Kunal Jain

Kunal Jain

Machine Learning Engineer currently in Tokyo, Japan

Summer Internship at NTU Singapore

Posted on September 1, 2020

Having worked on 3 ML projects in my fourth year, I really wanted to take up the challenge of collaborating within a distinguished research group, preferably abroad. A foreign training or FT, as per my university lingo, was considered a prestigious opportunity for multifaceted exposure, as not only would you gain indispensable experience working in an established institute set in an unfamiliar environment, it would also be really thrilling to interact with people from different cultural backgrounds with similar interests to freely exchange ideas and experiences.

Out of around 30 research labs that I applied to all over the world, I received 3 offers. I was most excited to work at the Rapid-Rich Object Search (ROSE) Lab at the Nanyang Technological University, Singapore, as not only did the lab’s research focus align with my interests, I would also be able to gain work experience in one of the top universities in Asia.

Contents

How I got selected

Resume

In my fourth year, I started to diverge my career away from aerospace engineering, to focus on my minor in Computer Science, especially in the areas of Machine Learning and Artificial Intelligence. As semester projects, I was able to work on some interesting applications of Machine Learning:

Mental Workload Estimation [Github]

As part of the Machine Learning course (CS60050), I trained various ML models to estimate mental workload of a subject playing the N-Back game while wearing an Emotiv BCI headset. The project included feature engineering using signal processing techniques and resulted in a comparitive study between various ML models such as Decision Trees, Random Forests and Neural Nets.

Artistic Image Rendering [Github]

As part of the Deep Learning course (CS60048), I decided to implement neural image style transfer as described in the paper A Neural Algorithm of Artistic Style by Gatys et al. This gave me a good understanding of how CNNs propagate signals, and how we can use intermediate feature maps to extract representations of textures and color schemes from the lower layers, and of structure from the deeper layers. I also learned about designing custom loss functions for the given optimization problem.

Apart from curriculum coursework, I also independently took up online courses on Coursera such as the Machine Learning course (Stanford University) and the Deep Learning Specialization (DeepLearning.AI) taught by Prof. Andrew Ng, to improve my knowledge of basic ML/DL techniques through theory and coding assignments.

Application Process

The application process was pretty straightforward. Since I was mainly focussed on getting research experience, I had compiled a list of around 30-40 research labs that I wanted to work with and emailed their respective POCs. However, most of the replies were negative, partly because I applied very late in the year and partly because my background in aerospace engineering put me at a disadvantage in a cohort of CS major students, which I feel was the case in my applications to research internship programs like DAAD and MITACS.
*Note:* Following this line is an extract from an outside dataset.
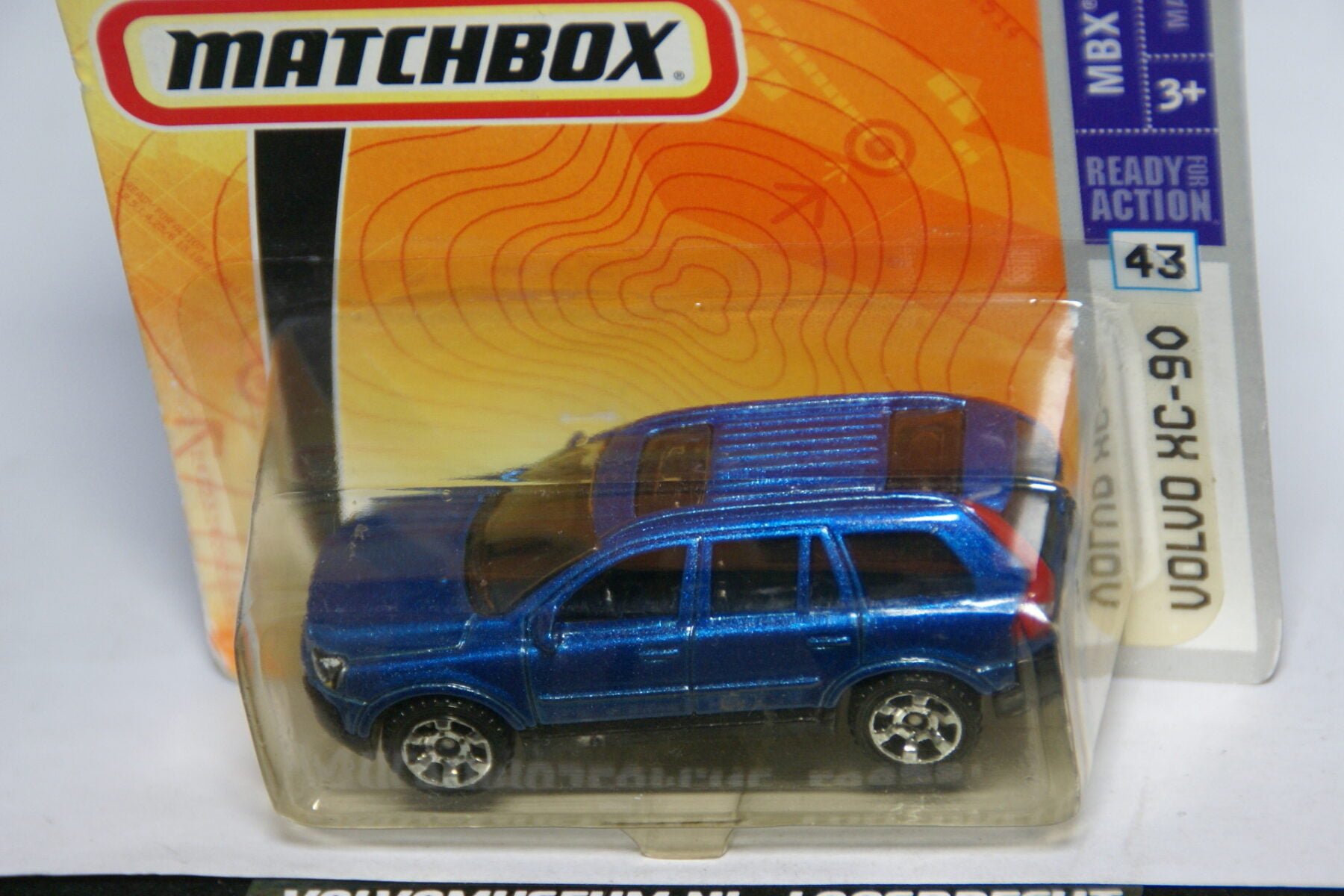DSC02749 miniatuur Volvo XC90 blauwmet ca 1op70 Matchbox 08626 MB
Ultimately, I heard back from 3 places, one of which was ROSE Lab, a joint collaboration between Nanyang Technological University, Singapore, and Peking University, China. I was very surprised to have received a positive reply from them, as it was in the top 10 of my list, which was basically an ambitious tier for me.

After exchanging a few emails, we scheduled an hour-long interview call a week later, and I was asked to prepare a short presentation about 1~2 of my best projects.

Interview Call

I sent my presentation 2 days in advance of the interview call. On the Skype call, I connected with the Deputy Director, Dr Dennis Sng, who oversaw projects undertaken by the ROSE Lab, Dr Lin Shan, a research fellow, who led the project I was supposed to work on, and of course the lab’s POC, Ms Wang Qian, with whom I was so far in touch with.
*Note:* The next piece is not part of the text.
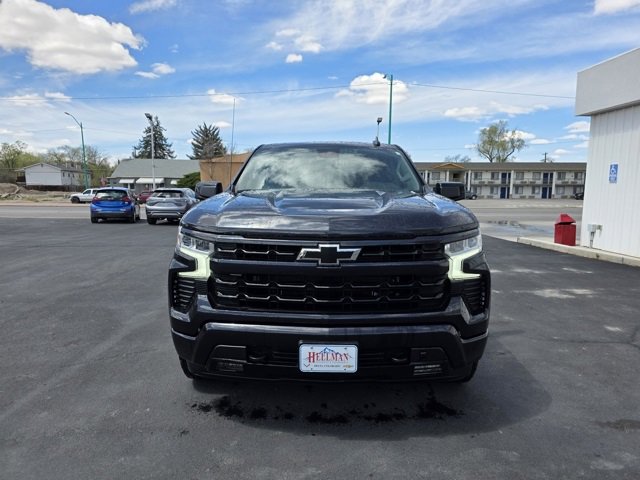 2023 Chevrolet Silverado 1500 RST photo 2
The interview call went on quite smoothly, and was structured mainly around my presentation. I was able to explain my contributions to my projects and answered related questions to the best of my knowledge. I was also questioned about my major, and why I was interested in Machine Learning, which I was also prepared to answer.
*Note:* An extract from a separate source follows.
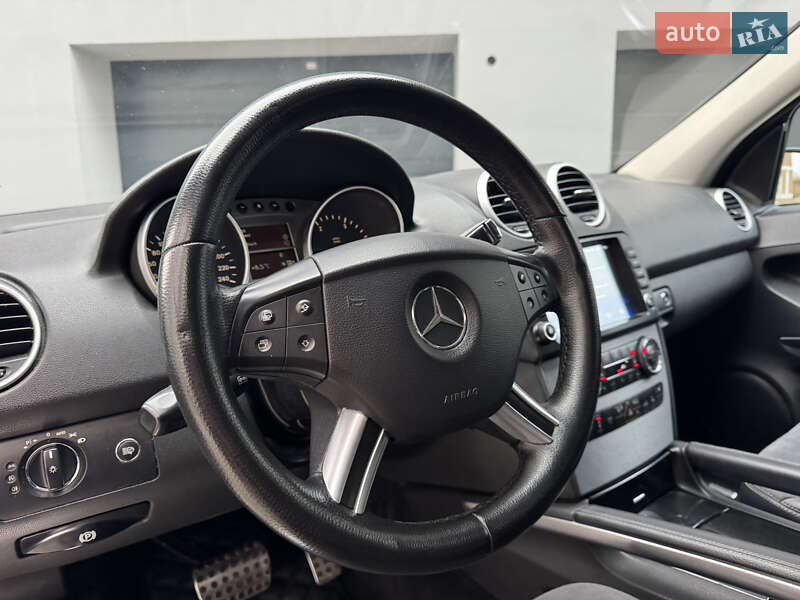 Внедорожник / Кроссовер Mercedes-Benz M-Class 2006 в Тернополе фото 21 Внедорожник / Кроссовер Mercedes-Benz M-Class 2006 в Тернополе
I got the acceptance mail a week after the interview call, and I was super excited to start the visa process!

The Lab

The [Rapid-Rich Object Search (ROSE) Lab](https://www.ntu.edu.sg/rose) is a joint collaboration between NTU Singapore and Peking University, China. Its vision is to create the largest collection of structured domain object database in Asia, and to further image-based object search applications.

The lab conducts research in the areas of computer vision, image processing, and pattern recognition. It aims to develop scalable and robust mobile object search services/applications involving areas of research like object recognition & retrieval, deep learning & video analytics and multimedia forensics & biometrics. They have taken the initiative of creating various publicly-shared databases to further research that they believe might create huge economic value and opportunities in the future.

Projects undertaken by the lab were usually overseen by Dr Dennis Sng (Deputy Director & Principal Scientist​), and advised by Prof Alex C. Kot (Director). The lab involves a workforce both from academia and industry, and hosts events pertaining to the dissemination of knowledge on vision-based AI, particularly in object search technology.

ROSE Lab

The Project

Objectives

The project was a collaboration between ROSE Lab and the Defence Science and Technology Agency (DSTA) Singapore.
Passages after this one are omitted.